[Task directions]
Without omitting anything, retype the data that follows.

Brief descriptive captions
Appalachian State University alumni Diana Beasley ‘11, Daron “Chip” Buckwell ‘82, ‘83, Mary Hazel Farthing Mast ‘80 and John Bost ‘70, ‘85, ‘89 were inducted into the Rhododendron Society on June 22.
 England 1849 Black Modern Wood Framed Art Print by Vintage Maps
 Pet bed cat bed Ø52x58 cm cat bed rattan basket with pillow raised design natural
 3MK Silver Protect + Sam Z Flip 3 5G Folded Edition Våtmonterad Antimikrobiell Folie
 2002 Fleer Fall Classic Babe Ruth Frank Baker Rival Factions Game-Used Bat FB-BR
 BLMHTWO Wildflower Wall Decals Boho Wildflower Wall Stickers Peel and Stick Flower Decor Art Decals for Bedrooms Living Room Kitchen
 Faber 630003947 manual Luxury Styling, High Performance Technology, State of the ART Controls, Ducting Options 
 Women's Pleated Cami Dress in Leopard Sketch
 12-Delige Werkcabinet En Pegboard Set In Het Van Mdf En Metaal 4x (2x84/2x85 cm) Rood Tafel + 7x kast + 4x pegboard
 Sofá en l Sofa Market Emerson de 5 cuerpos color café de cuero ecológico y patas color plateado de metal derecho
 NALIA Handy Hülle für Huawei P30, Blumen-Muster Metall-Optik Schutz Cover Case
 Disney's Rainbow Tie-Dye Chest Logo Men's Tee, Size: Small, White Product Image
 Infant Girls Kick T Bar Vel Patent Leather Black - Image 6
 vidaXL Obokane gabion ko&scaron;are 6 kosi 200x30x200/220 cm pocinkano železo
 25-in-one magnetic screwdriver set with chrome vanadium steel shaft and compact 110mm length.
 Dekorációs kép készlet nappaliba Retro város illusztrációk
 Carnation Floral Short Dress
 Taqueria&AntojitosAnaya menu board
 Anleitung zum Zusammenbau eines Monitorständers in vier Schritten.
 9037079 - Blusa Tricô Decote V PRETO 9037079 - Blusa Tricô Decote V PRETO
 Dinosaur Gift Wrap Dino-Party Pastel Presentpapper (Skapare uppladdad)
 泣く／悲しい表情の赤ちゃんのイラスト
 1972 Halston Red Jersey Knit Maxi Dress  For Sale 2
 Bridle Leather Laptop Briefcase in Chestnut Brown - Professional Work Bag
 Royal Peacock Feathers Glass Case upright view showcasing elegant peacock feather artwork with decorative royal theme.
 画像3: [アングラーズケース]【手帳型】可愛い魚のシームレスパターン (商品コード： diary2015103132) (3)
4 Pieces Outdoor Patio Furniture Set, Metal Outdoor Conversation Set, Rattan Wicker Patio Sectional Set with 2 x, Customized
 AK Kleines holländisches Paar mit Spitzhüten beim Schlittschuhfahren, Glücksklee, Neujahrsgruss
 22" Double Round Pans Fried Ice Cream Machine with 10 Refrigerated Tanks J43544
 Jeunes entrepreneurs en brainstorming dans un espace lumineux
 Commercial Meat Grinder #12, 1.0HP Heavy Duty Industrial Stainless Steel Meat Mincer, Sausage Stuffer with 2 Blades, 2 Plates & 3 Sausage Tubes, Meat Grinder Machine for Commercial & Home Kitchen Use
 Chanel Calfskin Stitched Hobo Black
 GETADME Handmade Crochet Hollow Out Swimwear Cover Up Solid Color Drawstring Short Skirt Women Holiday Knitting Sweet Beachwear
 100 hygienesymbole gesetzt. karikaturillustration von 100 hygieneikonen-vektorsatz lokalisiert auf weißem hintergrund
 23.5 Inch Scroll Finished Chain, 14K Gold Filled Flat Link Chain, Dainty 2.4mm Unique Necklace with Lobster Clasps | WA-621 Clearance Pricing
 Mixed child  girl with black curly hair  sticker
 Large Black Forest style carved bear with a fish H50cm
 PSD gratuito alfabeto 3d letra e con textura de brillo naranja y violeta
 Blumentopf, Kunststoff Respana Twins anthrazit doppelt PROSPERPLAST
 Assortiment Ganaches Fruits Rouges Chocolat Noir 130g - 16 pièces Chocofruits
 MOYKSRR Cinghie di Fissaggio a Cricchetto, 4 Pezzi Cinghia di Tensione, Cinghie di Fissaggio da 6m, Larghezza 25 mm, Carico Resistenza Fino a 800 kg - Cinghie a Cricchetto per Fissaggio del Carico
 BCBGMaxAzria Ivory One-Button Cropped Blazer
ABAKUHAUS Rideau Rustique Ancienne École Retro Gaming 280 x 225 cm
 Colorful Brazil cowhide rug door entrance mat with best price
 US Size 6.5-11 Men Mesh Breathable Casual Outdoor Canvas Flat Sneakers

[Answer to the problem]
Appalachian State University alumni Diana Beasley ‘11, Daron “Chip” Buckwell ‘82, ‘83, Mary Hazel Farthing Mast ‘80 and John Bost ‘70, ‘85, ‘89 were inducted into the Rhododendron Society on June 22.
 England 1849 Black Modern Wood Framed Art Print by Vintage Maps
 Pet bed cat bed Ø52x58 cm cat bed rattan basket with pillow raised design natural
 3MK Silver Protect + Sam Z Flip 3 5G Folded Edition Våtmonterad Antimikrobiell Folie
 2002 Fleer Fall Classic Babe Ruth Frank Baker Rival Factions Game-Used Bat FB-BR
 BLMHTWO Wildflower Wall Decals Boho Wildflower Wall Stickers Peel and Stick Flower Decor Art Decals for Bedrooms Living Room Kitchen
 Faber 630003947 manual Luxury Styling, High Performance Technology, State of the ART Controls, Ducting Options 
 Women's Pleated Cami Dress in Leopard Sketch
 12-Delige Werkcabinet En Pegboard Set In Het Van Mdf En Metaal 4x (2x84/2x85 cm) Rood Tafel + 7x kast + 4x pegboard
 Sofá en l Sofa Market Emerson de 5 cuerpos color café de cuero ecológico y patas color plateado de metal derecho
 NALIA Handy Hülle für Huawei P30, Blumen-Muster Metall-Optik Schutz Cover Case
 Disney's Rainbow Tie-Dye Chest Logo Men's Tee, Size: Small, White Product Image
 Infant Girls Kick T Bar Vel Patent Leather Black - Image 6
 vidaXL Obokane gabion ko&scaron;are 6 kosi 200x30x200/220 cm pocinkano železo
 25-in-one magnetic screwdriver set with chrome vanadium steel shaft and compact 110mm length.
 Dekorációs kép készlet nappaliba Retro város illusztrációk
 Carnation Floral Short Dress
 Taqueria&AntojitosAnaya menu board
 Anleitung zum Zusammenbau eines Monitorständers in vier Schritten.
 9037079 - Blusa Tricô Decote V PRETO 9037079 - Blusa Tricô Decote V PRETO
 Dinosaur Gift Wrap Dino-Party Pastel Presentpapper (Skapare uppladdad)
 泣く／悲しい表情の赤ちゃんのイラスト
 1972 Halston Red Jersey Knit Maxi Dress  For Sale 2
 Bridle Leather Laptop Briefcase in Chestnut Brown - Professional Work Bag
 Royal Peacock Feathers Glass Case upright view showcasing elegant peacock feather artwork with decorative royal theme.
 画像3: [アングラーズケース]【手帳型】可愛い魚のシームレスパターン (商品コード： diary2015103132) (3)
4 Pieces Outdoor Patio Furniture Set, Metal Outdoor Conversation Set, Rattan Wicker Patio Sectional Set with 2 x, Customized
 AK Kleines holländisches Paar mit Spitzhüten beim Schlittschuhfahren, Glücksklee, Neujahrsgruss
 22" Double Round Pans Fried Ice Cream Machine with 10 Refrigerated Tanks J43544
 Jeunes entrepreneurs en brainstorming dans un espace lumineux
 Commercial Meat Grinder #12, 1.0HP Heavy Duty Industrial Stainless Steel Meat Mincer, Sausage Stuffer with 2 Blades, 2 Plates & 3 Sausage Tubes, Meat Grinder Machine for Commercial & Home Kitchen Use
 Chanel Calfskin Stitched Hobo Black
 GETADME Handmade Crochet Hollow Out Swimwear Cover Up Solid Color Drawstring Short Skirt Women Holiday Knitting Sweet Beachwear
 100 hygienesymbole gesetzt. karikaturillustration von 100 hygieneikonen-vektorsatz lokalisiert auf weißem hintergrund
 23.5 Inch Scroll Finished Chain, 14K Gold Filled Flat Link Chain, Dainty 2.4mm Unique Necklace with Lobster Clasps | WA-621 Clearance Pricing
 Mixed child  girl with black curly hair  sticker
 Large Black Forest style carved bear with a fish H50cm
 PSD gratuito alfabeto 3d letra e con textura de brillo naranja y violeta
 Blumentopf, Kunststoff Respana Twins anthrazit doppelt PROSPERPLAST
 Assortiment Ganaches Fruits Rouges Chocolat Noir 130g - 16 pièces Chocofruits
 MOYKSRR Cinghie di Fissaggio a Cricchetto, 4 Pezzi Cinghia di Tensione, Cinghie di Fissaggio da 6m, Larghezza 25 mm, Carico Resistenza Fino a 800 kg - Cinghie a Cricchetto per Fissaggio del Carico
 BCBGMaxAzria Ivory One-Button Cropped Blazer
ABAKUHAUS Rideau Rustique Ancienne École Retro Gaming 280 x 225 cm
 Colorful Brazil cowhide rug door entrance mat with best price
 US Size 6.5-11 Men Mesh Breathable Casual Outdoor Canvas Flat Sneakers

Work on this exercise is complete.